-- Task to complete --
Type the data below again exactly. Omit all pictures.

[Data excerpts]

== Segment start ==

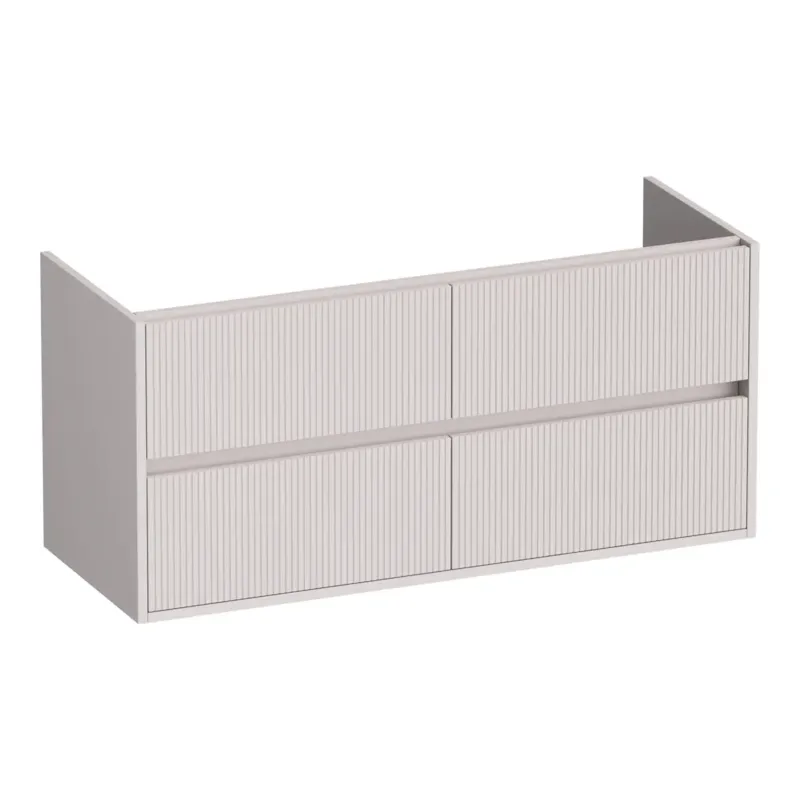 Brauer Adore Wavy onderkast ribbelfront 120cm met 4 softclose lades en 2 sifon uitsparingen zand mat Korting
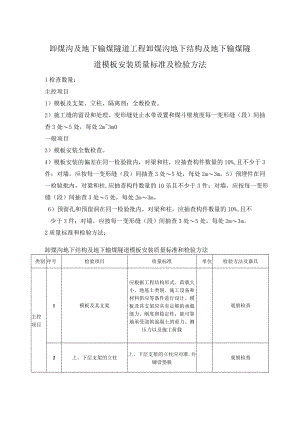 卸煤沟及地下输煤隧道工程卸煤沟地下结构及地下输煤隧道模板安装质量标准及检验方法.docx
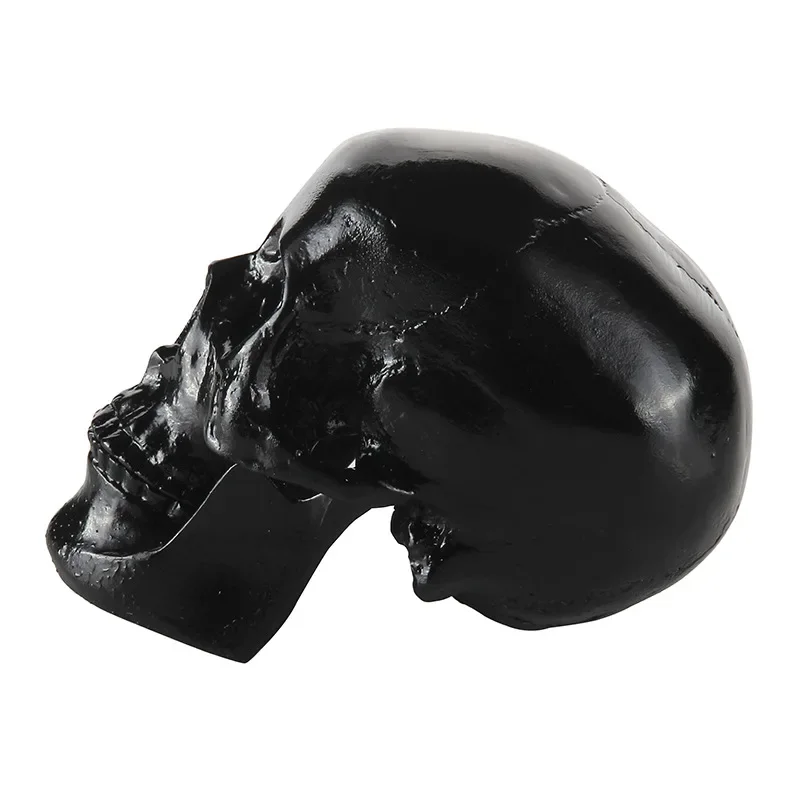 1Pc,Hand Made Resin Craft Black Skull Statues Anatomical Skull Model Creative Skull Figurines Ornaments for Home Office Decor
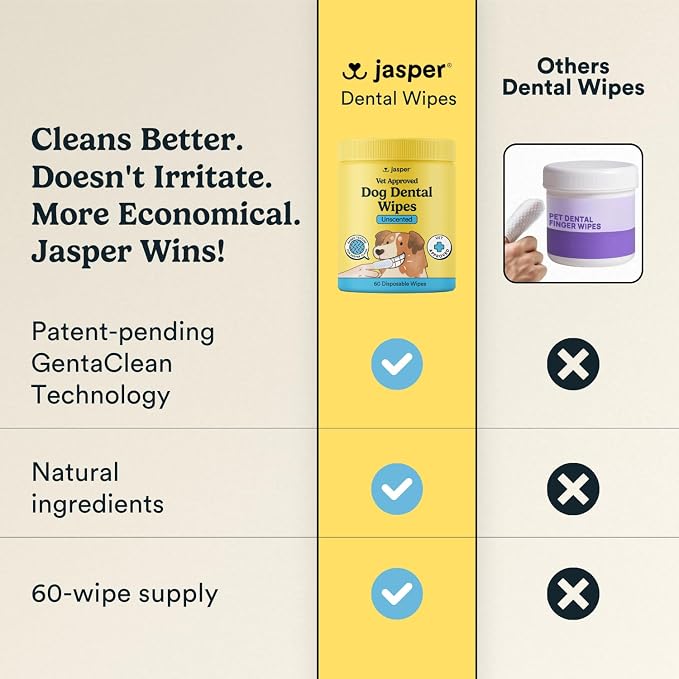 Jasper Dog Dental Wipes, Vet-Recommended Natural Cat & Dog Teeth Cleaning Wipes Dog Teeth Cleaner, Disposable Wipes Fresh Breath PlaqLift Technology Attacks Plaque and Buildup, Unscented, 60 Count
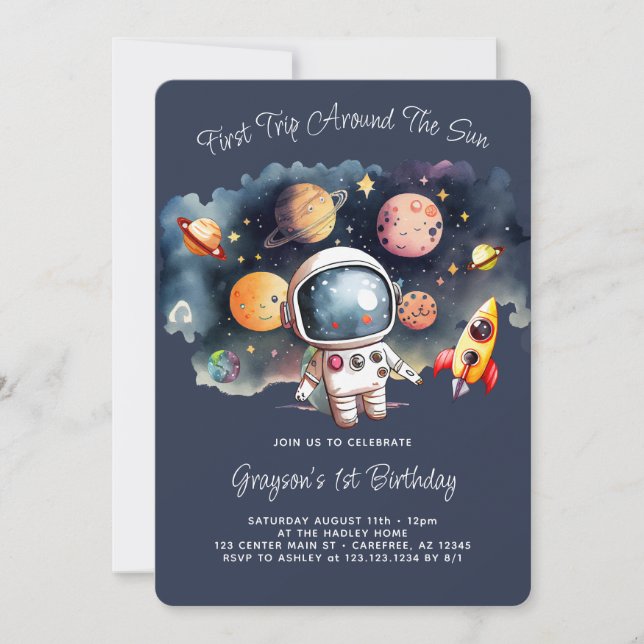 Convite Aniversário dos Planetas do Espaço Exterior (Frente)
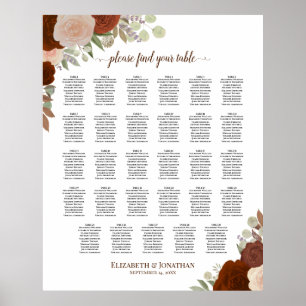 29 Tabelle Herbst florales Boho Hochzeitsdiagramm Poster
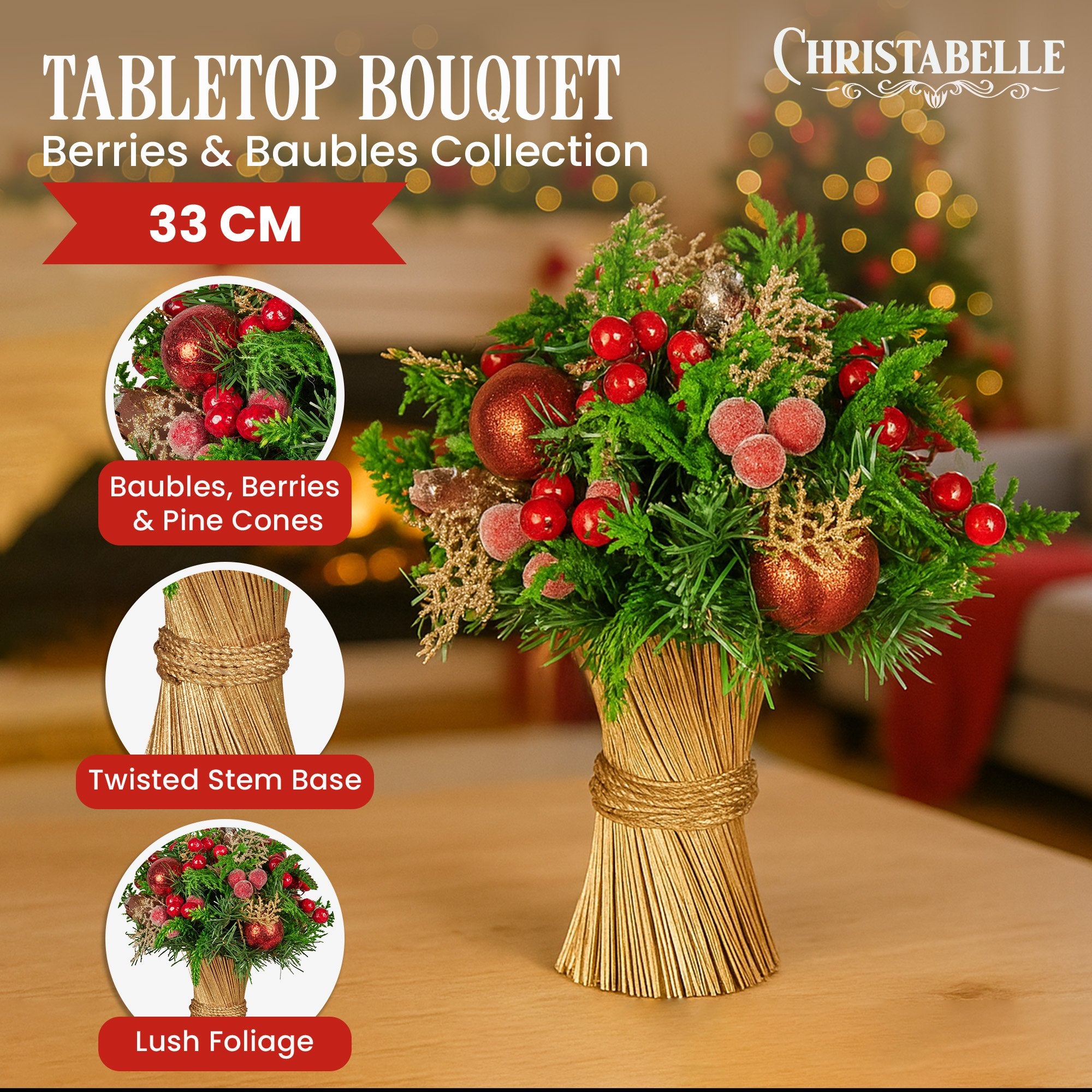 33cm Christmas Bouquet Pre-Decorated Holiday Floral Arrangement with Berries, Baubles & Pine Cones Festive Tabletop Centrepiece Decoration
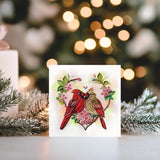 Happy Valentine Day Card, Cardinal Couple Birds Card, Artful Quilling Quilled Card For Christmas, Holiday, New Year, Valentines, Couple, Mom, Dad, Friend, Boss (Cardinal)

== Segment end ==

-- Reply --
 Brauer Adore Wavy onderkast ribbelfront 120cm met 4 softclose lades en 2 sifon uitsparingen zand mat Korting
 卸煤沟及地下输煤隧道工程卸煤沟地下结构及地下输煤隧道模板安装质量标准及检验方法.docx
 1Pc,Hand Made Resin Craft Black Skull Statues Anatomical Skull Model Creative Skull Figurines Ornaments for Home Office Decor
 Jasper Dog Dental Wipes, Vet-Recommended Natural Cat & Dog Teeth Cleaning Wipes Dog Teeth Cleaner, Disposable Wipes Fresh Breath PlaqLift Technology Attacks Plaque and Buildup, Unscented, 60 Count
 Convite Aniversário dos Planetas do Espaço Exterior (Frente)
 29 Tabelle Herbst florales Boho Hochzeitsdiagramm Poster
 33cm Christmas Bouquet Pre-Decorated Holiday Floral Arrangement with Berries, Baubles & Pine Cones Festive Tabletop Centrepiece Decoration
 Happy Valentine Day Card, Cardinal Couple Birds Card, Artful Quilling Quilled Card For Christmas, Holiday, New Year, Valentines, Couple, Mom, Dad, Friend, Boss (Cardinal)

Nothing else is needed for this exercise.